**Work task**. Give all of the data again exactly as written, omitting every image.

**Data provided**.
==*==

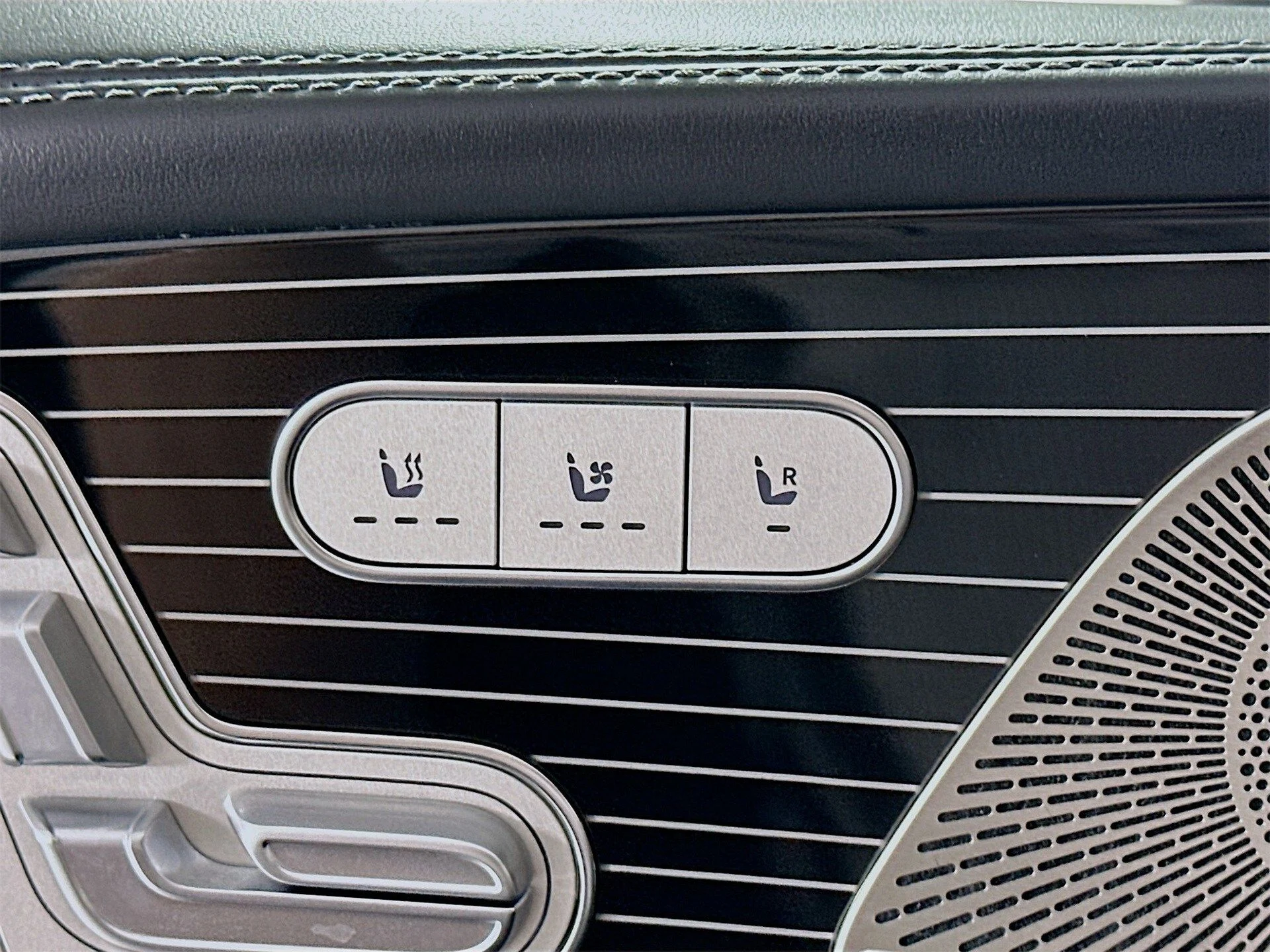 mph021_579627853_94d0a1859b11239127403bebd0055de9x_c4de56637c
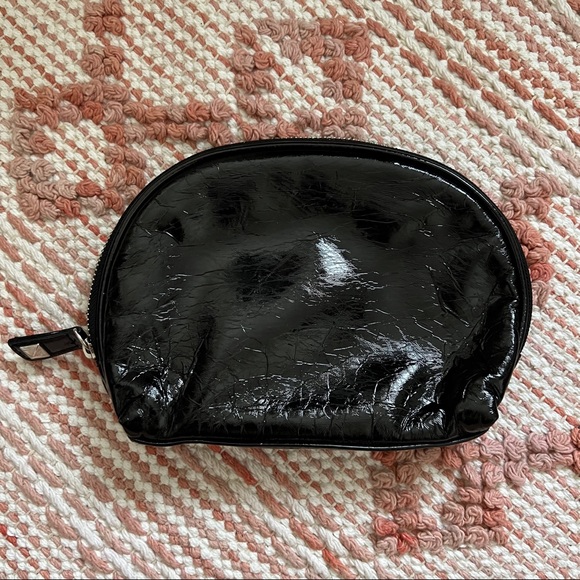 Set of three Betsey Johnson zipper pouches - Picture 9 of 14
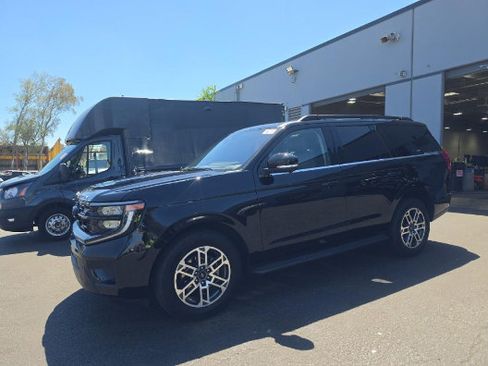 Used 2025 Ford Expedition Active AWD/4WD image 14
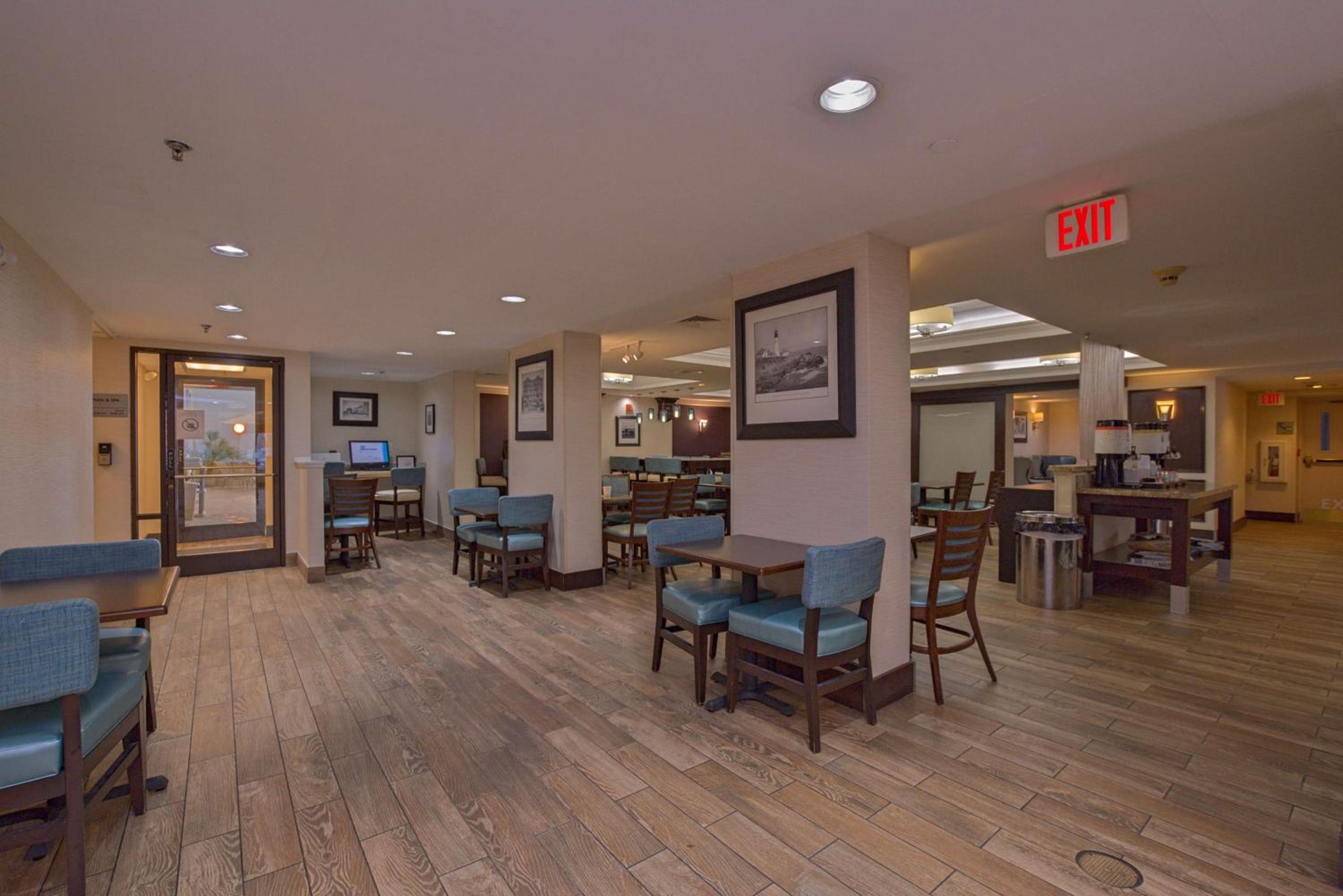 Portsmouth Vacations - Hampton Inn Portsmouth Central - Property Image 23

==*==

**Exercise result**.
 mph021_579627853_94d0a1859b11239127403bebd0055de9x_c4de56637c
 Set of three Betsey Johnson zipper pouches - Picture 9 of 14
 Used 2025 Ford Expedition Active AWD/4WD image 14
 Portsmouth Vacations - Hampton Inn Portsmouth Central - Property Image 23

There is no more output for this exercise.